Un elogio alla “bellezza dell’inutilità” e allo stesso tempo una condanna alla programmaticità dell’esistenza. Agire unicamente in ragione della profittabilità di un accadimento significa impostare una vita intera su quel meccanismo e, di conseguenza, perdere il legame naturale con le azioni prive di utilità. Quello tra le attività umane e la loro funzione è un legame antico, che trae origine dalla lotta per la sopravvivenza. In natura gli esseri viventi passano buona parte del loro tempo alla ricerca del cibo, dunque appresso ad un agire che pretende stretta connessione tra l’azione e la motivazione. Questo meccanismo, nell’uomo, è andato incontro a varie forme di degenerazione, ma il vero cortocircuito corrisponde al passaggio dall’indispensabile al superfluo. Il superfluo, in sé e per sé, ha valore per ciò che è, non certo per la sua utilità. In questo senso sembra soddisfare il paradigma dell’“agire senza scopo” di cui parla Pessoa. Il problema dell’uomo, tuttavia, è che non anela all’inutilità beatificatrice di azioni, eventi ed intenzioni, ma ad un preciso rapporto con il superfluo basato sul possesso. Attribuire utilità al superfluo che si ricava dal possesso delle cose e, di conseguenza, fare qualunque cosa pur di possederle è ciò che spezza quel legame antico tra l’essere e la generatività intrinseca dell’ozio operoso. Il controllo, il dominio, il possesso sulle cose del mondo – anche quelle poche che un povero o un modesto uomo si può permettere – pretende un cursus honorum, una sequela di eventi nella quale ciascuno si trova a spendere gran parte del suo tempo a programmare, pianificare, progettare. Se in questo quadro si vede dipinto uno scenario che sa, in fondo, di pura normalità, forse valutare le conseguenze di questo atteggiamento collettivo su se stessi può aiutare a metterne a fuoco il (vero) profilo orripilante e a renderne più chiare le conseguenze tragiche. Per far questo occorre trasformarsi da soggetto attivo a soggetto passivo e immaginare come si è visti dagli occhi dell’uomo che insegue la materialità e il possesso delle cose (superflue): valutati unicamente per i vantaggi che si offrono o che non si offrono. Possiamo essere certi che, in assenza di una utilità da offrire come merce di scambio, (pressoché) nessuno si curerebbe di noi.

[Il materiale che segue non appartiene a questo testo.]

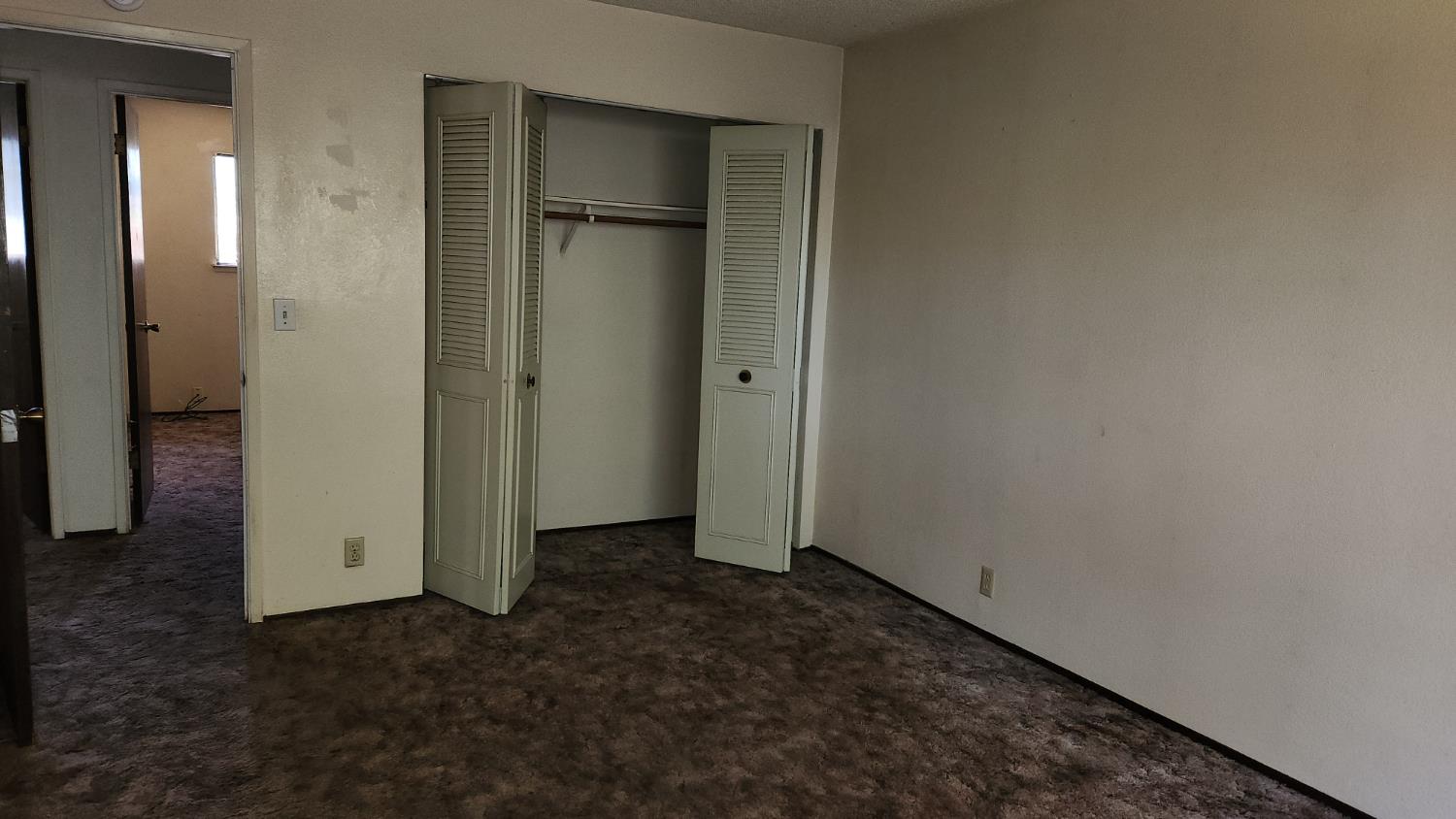 2332 Venus Way Redding, CA 96002 - Photo 17 of 27 an empty room with closet area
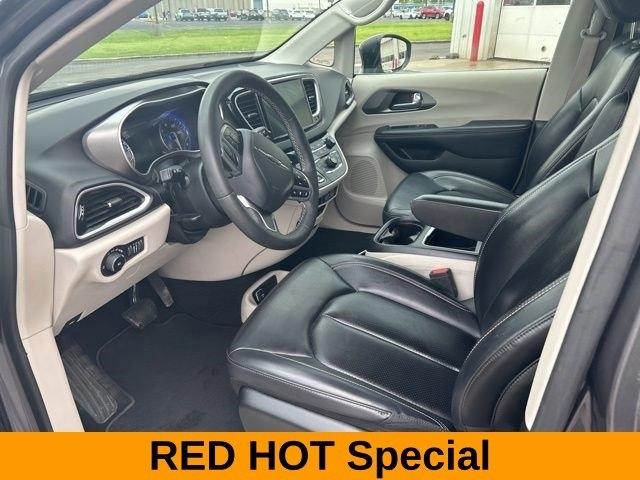 Chrysler Pacifica Touring L 2023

Tuttavia, in un mondo dove tutti si muovono in questa direzione, la scelta obbligata diventa quella di rinunciare alla grandezza e alla bellezza, ossia al superfluo senza possesso. Magari, portando con noi questa riflessione, spaventati dall’essere, in ultimo, aguzzini di noi stessi, faremo pervenire un diverso e più benevolo sguardo al musicista di strada che propaga per la via in cui ci troviamo a camminare la sua bella melodia, senza nulla chiederci in cambio; e faremo così, invece di concentrarci grettamente sul suo capello rivoltato a terra, trafitti dal pensiero che – come penserebbe il meschino – stia suonando soltanto per averne un tornaconto.